Non-native English speakers are being unfairly discriminated against by AI-detectors; this is according to a study by Stanford University.
As AI programmes, such as ChatGPT, become increasingly popular, so too does the wave of students using it to complete their coursework. However, 61.22% of essays by TOEFL students are being flagged as AI-generated.
James Zou, professor of biomedical data science at Stanford, has said “[Detectors] typically score based on a metric known as ‘perplexity,’ which correlates with the sophistication of the writing.”
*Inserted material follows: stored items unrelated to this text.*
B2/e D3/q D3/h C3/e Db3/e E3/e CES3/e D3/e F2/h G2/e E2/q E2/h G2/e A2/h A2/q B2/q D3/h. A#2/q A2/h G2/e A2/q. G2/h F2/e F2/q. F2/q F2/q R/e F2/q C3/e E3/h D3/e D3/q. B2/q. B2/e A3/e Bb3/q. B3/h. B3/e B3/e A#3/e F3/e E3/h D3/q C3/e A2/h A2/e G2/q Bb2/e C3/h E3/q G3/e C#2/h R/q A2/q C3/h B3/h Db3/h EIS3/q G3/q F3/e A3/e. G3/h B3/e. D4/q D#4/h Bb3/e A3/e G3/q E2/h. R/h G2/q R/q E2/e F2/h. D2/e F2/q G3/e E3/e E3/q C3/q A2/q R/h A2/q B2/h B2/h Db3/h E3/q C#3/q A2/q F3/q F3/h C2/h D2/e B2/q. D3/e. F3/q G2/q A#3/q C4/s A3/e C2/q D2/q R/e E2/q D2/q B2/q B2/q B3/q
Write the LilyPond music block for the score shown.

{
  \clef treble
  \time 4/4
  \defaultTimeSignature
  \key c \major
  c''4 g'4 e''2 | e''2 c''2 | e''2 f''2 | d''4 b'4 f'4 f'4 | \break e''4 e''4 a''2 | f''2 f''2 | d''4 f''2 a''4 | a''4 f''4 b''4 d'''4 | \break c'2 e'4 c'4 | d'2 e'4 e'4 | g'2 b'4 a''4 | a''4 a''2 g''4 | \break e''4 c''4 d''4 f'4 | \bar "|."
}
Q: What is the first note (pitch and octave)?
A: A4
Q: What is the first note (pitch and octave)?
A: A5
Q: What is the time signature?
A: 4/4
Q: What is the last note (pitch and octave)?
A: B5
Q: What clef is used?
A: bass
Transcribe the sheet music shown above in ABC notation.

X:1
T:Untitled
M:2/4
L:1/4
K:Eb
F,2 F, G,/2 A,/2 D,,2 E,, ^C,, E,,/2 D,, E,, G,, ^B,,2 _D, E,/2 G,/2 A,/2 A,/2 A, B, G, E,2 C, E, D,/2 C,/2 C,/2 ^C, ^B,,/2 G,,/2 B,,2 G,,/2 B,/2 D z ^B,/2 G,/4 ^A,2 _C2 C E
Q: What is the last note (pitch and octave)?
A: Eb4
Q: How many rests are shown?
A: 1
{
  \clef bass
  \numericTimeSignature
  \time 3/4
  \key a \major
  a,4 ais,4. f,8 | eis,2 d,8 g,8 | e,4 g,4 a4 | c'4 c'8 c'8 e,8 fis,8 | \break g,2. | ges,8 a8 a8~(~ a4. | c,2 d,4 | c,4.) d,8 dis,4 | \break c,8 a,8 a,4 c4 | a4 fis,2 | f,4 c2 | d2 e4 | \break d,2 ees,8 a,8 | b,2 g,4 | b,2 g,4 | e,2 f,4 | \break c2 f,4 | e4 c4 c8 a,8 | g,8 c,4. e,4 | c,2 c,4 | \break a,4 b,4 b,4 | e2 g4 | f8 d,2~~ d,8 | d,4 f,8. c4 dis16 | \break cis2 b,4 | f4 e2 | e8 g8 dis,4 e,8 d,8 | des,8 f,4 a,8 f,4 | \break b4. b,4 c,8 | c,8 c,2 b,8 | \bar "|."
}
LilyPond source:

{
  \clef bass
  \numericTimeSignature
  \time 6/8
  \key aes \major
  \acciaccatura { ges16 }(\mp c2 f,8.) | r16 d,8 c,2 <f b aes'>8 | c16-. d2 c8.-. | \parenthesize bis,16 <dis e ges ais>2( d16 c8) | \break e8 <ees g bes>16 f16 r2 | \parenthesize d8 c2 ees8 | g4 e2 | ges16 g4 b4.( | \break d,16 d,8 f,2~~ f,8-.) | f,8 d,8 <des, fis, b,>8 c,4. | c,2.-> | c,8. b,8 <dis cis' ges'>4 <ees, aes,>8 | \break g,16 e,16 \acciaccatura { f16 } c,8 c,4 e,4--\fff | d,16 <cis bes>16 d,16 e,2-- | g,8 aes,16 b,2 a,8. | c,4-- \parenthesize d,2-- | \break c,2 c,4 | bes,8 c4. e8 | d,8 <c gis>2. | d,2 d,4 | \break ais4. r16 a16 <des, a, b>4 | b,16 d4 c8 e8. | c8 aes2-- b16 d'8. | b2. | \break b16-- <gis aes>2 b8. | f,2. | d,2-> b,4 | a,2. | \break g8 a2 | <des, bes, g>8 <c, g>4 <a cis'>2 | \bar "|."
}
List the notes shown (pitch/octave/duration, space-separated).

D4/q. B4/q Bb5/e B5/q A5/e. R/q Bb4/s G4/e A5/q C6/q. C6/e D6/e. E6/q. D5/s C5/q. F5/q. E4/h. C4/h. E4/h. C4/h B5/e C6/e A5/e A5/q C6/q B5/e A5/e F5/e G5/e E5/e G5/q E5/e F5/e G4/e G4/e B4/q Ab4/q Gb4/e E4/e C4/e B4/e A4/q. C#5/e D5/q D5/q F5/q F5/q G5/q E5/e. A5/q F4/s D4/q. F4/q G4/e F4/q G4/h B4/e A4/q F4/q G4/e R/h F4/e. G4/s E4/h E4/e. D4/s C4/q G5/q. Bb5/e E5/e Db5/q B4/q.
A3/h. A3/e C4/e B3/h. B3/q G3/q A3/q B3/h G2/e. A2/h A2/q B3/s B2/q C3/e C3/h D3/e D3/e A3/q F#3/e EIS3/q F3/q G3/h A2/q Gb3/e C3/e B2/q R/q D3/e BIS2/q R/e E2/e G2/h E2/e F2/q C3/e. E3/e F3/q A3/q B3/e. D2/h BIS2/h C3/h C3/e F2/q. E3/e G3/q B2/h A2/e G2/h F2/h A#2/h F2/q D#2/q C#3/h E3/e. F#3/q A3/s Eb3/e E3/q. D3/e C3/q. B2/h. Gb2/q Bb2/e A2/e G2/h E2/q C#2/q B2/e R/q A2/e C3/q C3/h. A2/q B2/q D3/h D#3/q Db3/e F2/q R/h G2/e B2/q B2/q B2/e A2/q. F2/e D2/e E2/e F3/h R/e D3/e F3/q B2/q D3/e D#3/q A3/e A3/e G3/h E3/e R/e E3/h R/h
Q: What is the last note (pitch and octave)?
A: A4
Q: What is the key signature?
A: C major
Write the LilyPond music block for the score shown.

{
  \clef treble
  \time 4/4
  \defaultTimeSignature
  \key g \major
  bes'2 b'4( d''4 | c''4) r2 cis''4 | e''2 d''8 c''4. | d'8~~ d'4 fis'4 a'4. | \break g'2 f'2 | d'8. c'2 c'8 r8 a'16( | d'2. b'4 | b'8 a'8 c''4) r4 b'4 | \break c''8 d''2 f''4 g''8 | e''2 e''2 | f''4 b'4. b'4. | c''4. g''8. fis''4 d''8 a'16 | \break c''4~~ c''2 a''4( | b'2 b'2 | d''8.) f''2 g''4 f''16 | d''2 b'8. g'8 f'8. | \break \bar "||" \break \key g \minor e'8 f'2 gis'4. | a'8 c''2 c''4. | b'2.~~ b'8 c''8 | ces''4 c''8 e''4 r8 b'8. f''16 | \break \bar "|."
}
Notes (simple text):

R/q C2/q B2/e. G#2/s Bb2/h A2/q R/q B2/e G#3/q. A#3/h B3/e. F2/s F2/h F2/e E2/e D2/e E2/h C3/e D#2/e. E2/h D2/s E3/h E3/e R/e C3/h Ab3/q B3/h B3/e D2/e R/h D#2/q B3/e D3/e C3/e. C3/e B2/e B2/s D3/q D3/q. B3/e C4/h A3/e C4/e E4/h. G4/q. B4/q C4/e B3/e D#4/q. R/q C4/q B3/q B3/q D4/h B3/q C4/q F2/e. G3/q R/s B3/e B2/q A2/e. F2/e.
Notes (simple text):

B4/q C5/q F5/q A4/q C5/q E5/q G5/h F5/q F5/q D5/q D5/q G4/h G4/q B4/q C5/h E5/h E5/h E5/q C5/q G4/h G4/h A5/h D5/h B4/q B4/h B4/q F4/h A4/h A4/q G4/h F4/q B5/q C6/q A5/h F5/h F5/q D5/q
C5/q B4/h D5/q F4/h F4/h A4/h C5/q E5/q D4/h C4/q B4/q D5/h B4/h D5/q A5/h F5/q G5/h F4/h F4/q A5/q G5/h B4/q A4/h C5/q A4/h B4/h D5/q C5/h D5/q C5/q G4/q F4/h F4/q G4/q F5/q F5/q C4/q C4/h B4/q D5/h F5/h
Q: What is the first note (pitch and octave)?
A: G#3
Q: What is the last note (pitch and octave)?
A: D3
Non-native speakers are likely to score lower on perplexity, which measures lexical richness, lexical diversity, syntactic complexity, and grammatical complexity. As a result, students could face discrimination and be unfairly accused of cheating.
Alongside this bias, AI-detectors can be circumvented by a process known as “prompt engineering.” This means a student could enter previously generated text and ask the AI to “elevate the provided text by employing literary language.”
“Current detectors are clearly unreliable and easily gamed, which means we should be very cautious about using them as a solution to the AI cheating problem,” says Zou.
On how to deal with the problem, some possible solutions include avoiding the use of detectors in educational settings. Developers could also use more sophisticated techniques – such as “watermarks” – rather than perplexity to detect AI.
In an ever-advancing world, it goes without saying that more needs to be done to protect foreign students.